Alias & the purpose of Rambaldi
This one goes out to all yall, my awesome Googlers/Yahooers, and for the record, I did misspell it as "Rimbaldi" -- embarrassment!

Just what's the point of having Rambaldi come in and out of Alias's story lines, all willy-nilly like? It's very simple: because it's convenient.

One of the more common tags associated with Rambaldi is that it's reminiscent of X-Files -- and with all the doomsday/occult prophesying and tentacles of conspiratorial cabals (the last being this season's most significant development, Rambaldi-wise), there is validity in that claim. With Rambaldi and all the attendant plot arcs that spring from it, JJ Abrams is able to satisfy a lot of his pop culture appetites (of course, which is on top of the melodrama and high tech espionage) in addition to appeal to other fans of such genres.

More to the point, I suspect, Rambaldi is a vehicle for having, first of all, a mythology arc (and in this case, I don't mean mythology like Greek -- more like the overarching/fundamental thread of story that runs throughout the entire series (again, cf. X-Files)), which is a way of satisfying the long-time fans.

However, in a bid not to alienate new viewers, Abrams also avoids developing the Rambaldi arc in a traditionally linear way, i.e. with a concrete and final conclusion. We thought that Rambaldi had been dispensed with in the season three premier, "The Two," when Sloane reported that the culmination of all of his Rambaldi collecting resulted in a single word: "Peace." Lo and behold, we've got a second "end-game" in progress with the introduction of the Passenger. Now, the newbies can go through the same stunning twists and turns that the veterans have witnessed. ("stunning")

It's a circular plot arc that can be massaged into the show at will for the seasons where JJ wants to emphasize the action-adventure side of the show (as opposed to the melodrama-laden second season (and if this three season sequence is any indication, we'll get heavy with the sighs again next year)). But even more importantly, it's an excuse to put Syd into different situations that call for outrageous costumes and cleavage.
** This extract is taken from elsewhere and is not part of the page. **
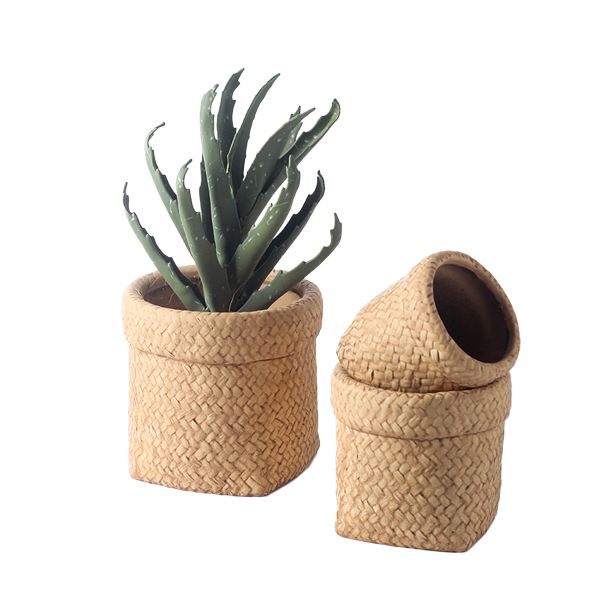 JYW034 Basket designed cement plant pots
But to return to my point, and this is where I'm going to get metaphysical, so bear with: circularity, oddly enough resonates with Western thematic concerns -- the constant gazing back into the past (think: the general fascination with the Quattrocento and Nostradamus; think: the yearning for Eden; think: nostalgia for one's childhood/the "Good Old Days"; think: the desire to return to the womb) coupled with the future/ultramodern aesthetic (When is this season set? Why, two years from now!), which in turn ties into notions of fate, i.e. a manuscript written six hundred years ago is outlining the actions-yet-to-be-taken by Sydney et al. The worry of Rambaldi prophecy coming true would be the equivalent of laying waste to Western perception of time -- the past is written down, but if the future is written down (and written down in the past no less!), how is the future different from the past? Is the path of the entire universe already pre-determined? (And forget not the free will issues that crop up now.)


Rambaldi collapses time into a circle. What we thought was the end, is just another beginning.

(And who the hell wants to go back to the days when Will was Tooly McTool and Syd still held a warm place in her heart for Noah??)

Seriously, it's a potent worry for those trained in the Western schools of thought. Our notion of history is predicated on progress, and to have a 15th century crazy map out our lives (and also invent gadgets that rival modern-day technology) undermines our march towards that civil paradise (Eden again! See? The past haunts us! Of course, "progress" entails a current state as being better than before -- defining the present in terms of the past. The past is inescapable, to those who remember it or not.).